▶ **TASK DIRECTIONS**
Everything in the listing below except the pictures should be reproduced exactly.

▶ **DATASET CONTENT**
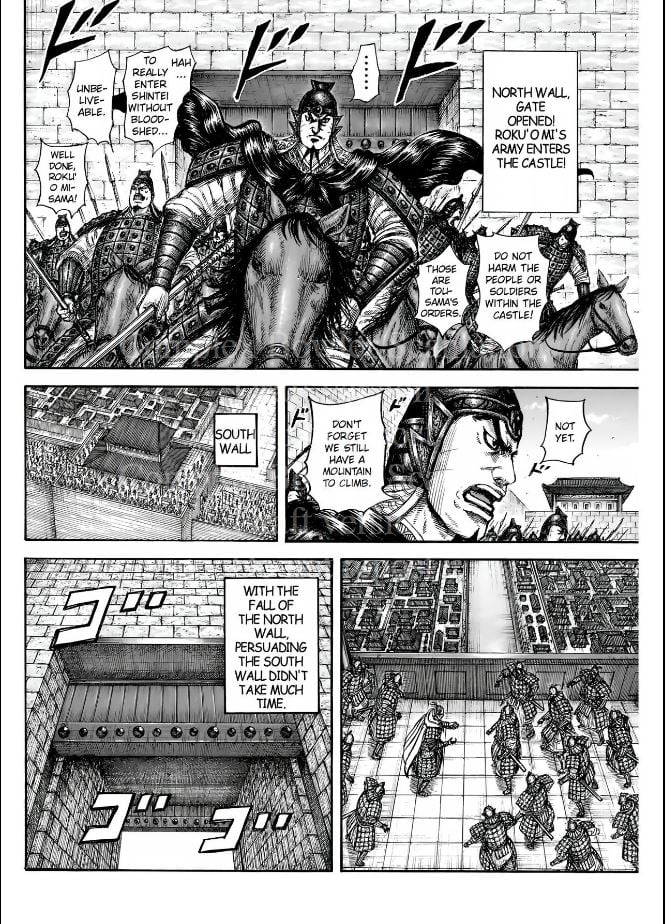 Kingdom, chapter 838
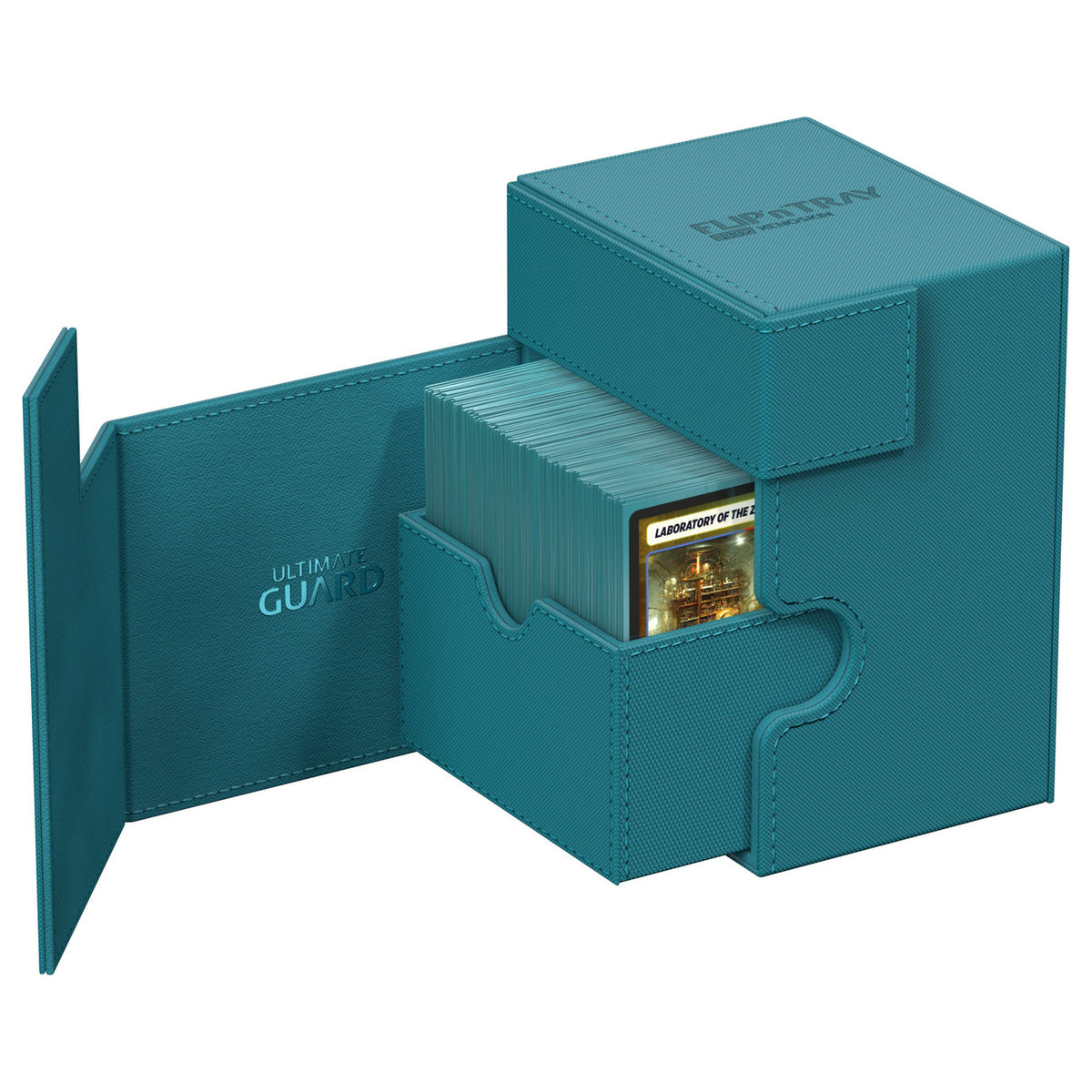 Zdjęcie produktu Ultimate Guard Flip'n'Tray 133+ Xenoskin - Petrol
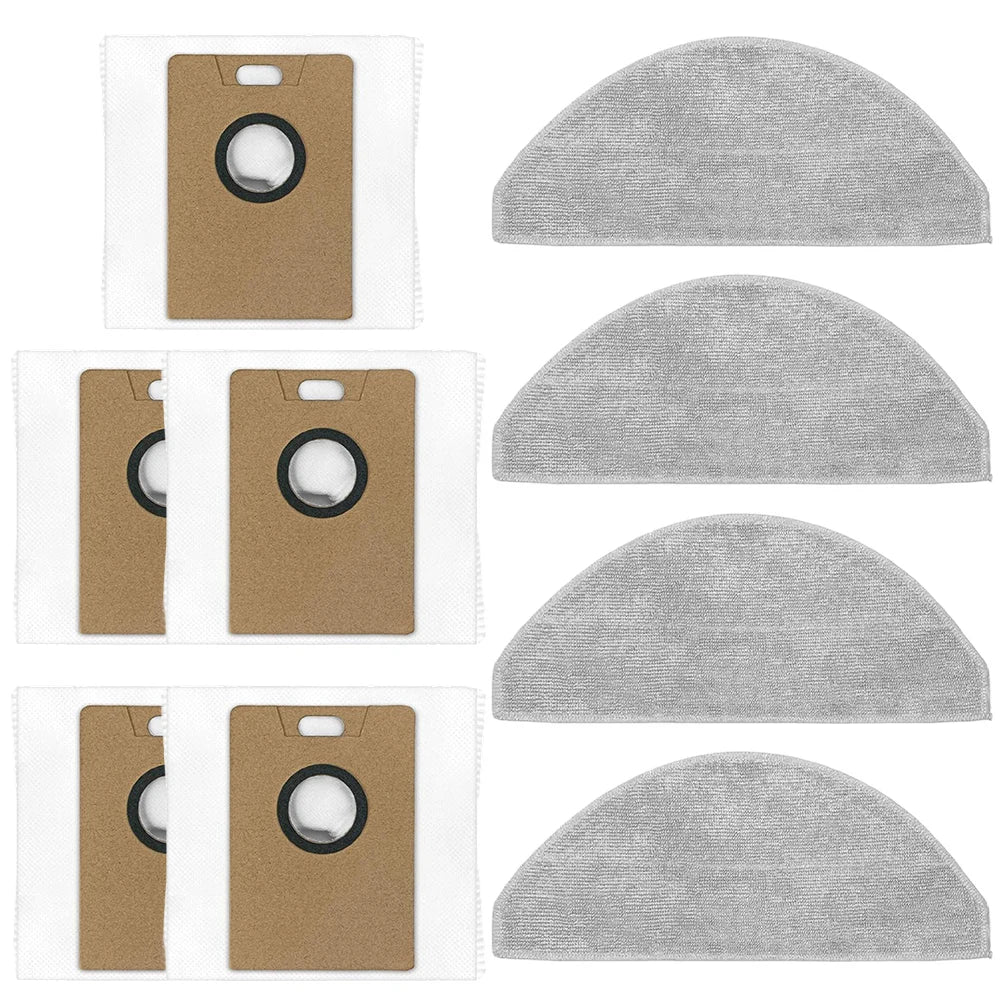 Narwal Freo S Robot Vacuum Mop Cloth Bag Microfiber Replacement Parts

▶ **TASK RESPONSE**
 Kingdom, chapter 838
 Zdjęcie produktu Ultimate Guard Flip'n'Tray 133+ Xenoskin - Petrol
 Narwal Freo S Robot Vacuum Mop Cloth Bag Microfiber Replacement Parts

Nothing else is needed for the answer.